_INSTRUCTIONS FOR THE TASK_: The records below need copying. Match each line exactly.

(Stored data)
########
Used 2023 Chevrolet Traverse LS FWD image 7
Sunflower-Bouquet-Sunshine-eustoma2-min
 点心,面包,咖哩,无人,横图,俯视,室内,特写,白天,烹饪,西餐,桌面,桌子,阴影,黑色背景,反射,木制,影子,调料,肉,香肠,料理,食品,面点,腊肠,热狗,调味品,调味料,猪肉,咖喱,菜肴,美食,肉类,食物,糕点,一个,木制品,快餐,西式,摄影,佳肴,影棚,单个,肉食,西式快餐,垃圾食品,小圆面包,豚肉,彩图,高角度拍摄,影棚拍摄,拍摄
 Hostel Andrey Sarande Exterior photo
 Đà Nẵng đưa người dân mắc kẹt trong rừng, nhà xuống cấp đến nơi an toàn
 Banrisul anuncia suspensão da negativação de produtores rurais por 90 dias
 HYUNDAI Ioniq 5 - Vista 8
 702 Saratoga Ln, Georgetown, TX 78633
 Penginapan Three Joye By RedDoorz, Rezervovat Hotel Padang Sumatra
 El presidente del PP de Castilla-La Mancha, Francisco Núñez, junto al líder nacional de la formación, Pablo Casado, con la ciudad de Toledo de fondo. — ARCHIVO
########
_TASK ANSWER_:
Used 2023 Chevrolet Traverse LS FWD image 7
Sunflower-Bouquet-Sunshine-eustoma2-min
 点心,面包,咖哩,无人,横图,俯视,室内,特写,白天,烹饪,西餐,桌面,桌子,阴影,黑色背景,反射,木制,影子,调料,肉,香肠,料理,食品,面点,腊肠,热狗,调味品,调味料,猪肉,咖喱,菜肴,美食,肉类,食物,糕点,一个,木制品,快餐,西式,摄影,佳肴,影棚,单个,肉食,西式快餐,垃圾食品,小圆面包,豚肉,彩图,高角度拍摄,影棚拍摄,拍摄
 Hostel Andrey Sarande Exterior photo
 Đà Nẵng đưa người dân mắc kẹt trong rừng, nhà xuống cấp đến nơi an toàn
 Banrisul anuncia suspensão da negativação de produtores rurais por 90 dias
 HYUNDAI Ioniq 5 - Vista 8
 702 Saratoga Ln, Georgetown, TX 78633
 Penginapan Three Joye By RedDoorz, Rezervovat Hotel Padang Sumatra
 El presidente del PP de Castilla-La Mancha, Francisco Núñez, junto al líder nacional de la formación, Pablo Casado, con la ciudad de Toledo de fondo. — ARCHIVO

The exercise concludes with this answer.